UC Santa Cruz graduate Rula Al-Nasrawi illegally downloaded 1,500 songs from the time she was in high school to the end of her sophomore year in college. By then, the Recording Industry Association of America (RIAA) gave her a choice — pay a $3,000 settlement, or go to court, hire a lawyer and potentially pay upwards of $1 million.
Al-Nasrawi is just one of 3,000 UCSC students since 2001 who received notices from various entertainment companies alleging copyright infringement for downloading media illegally using the Internet provided by the university. She is also one of many college students who grew up having the Internet at her fingertips.
As much as Al-Nasrawi felt the financial repercussions of her actions, the music industry as a whole has had to deal with significant economic loss as a result of piracy. Global music piracy costs the music industry $12.5 billion every year, according to a recent analysis by the Institute for Policy Innovation.
Paddy Spinks, vice president of international sales and marketing for Concord Records, has witnessed firsthand the shifts within the industry.

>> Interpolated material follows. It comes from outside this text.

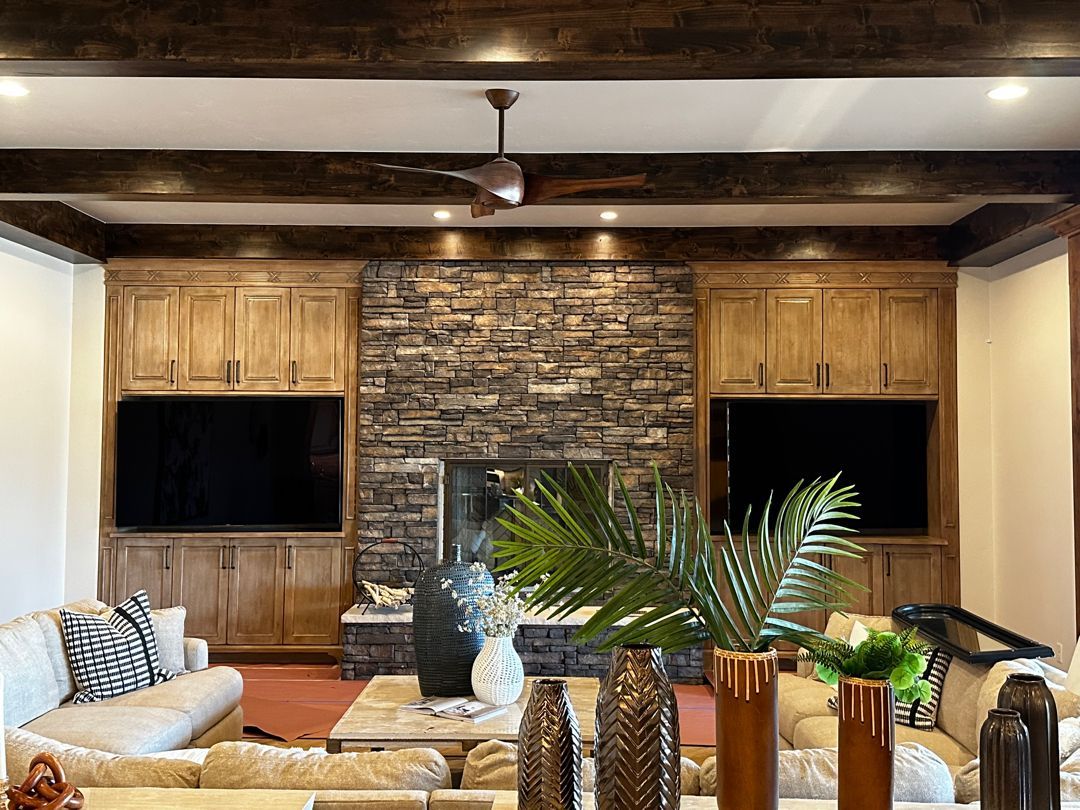 A living room with a stone fireplace and a ceiling fan.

“The music industry is currently in a state of transition, or reinventing itself, basically, and this has been going on for several years now, and will continue for several years more,” Spinks said. “Big corporations change slowly.”
Reap what you sow
The Internet has caused many problems for the entertainment industry, which has had to fight against the illegal distribution of copyrighted material since the dawn of Napster in the late ’90s.

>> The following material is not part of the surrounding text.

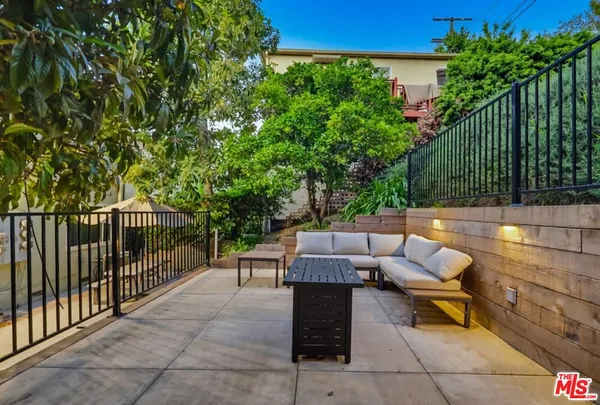 a view of a patio with couches and a large tree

Since those days, corporations such as Electric & Musical Industries (EMI) and Sony Music Entertainment have done what they can to fight back against the rising tide of illegal downloading. In 2000, the music industry took on the legendary Napster, which at the time was the leading source for digitally downloadable content. In A&M Records Inc vs. Napster, Napster was found to be in severe violation of copyright laws, forcing the shutdown of its website and leading it to file for bankruptcy two years later.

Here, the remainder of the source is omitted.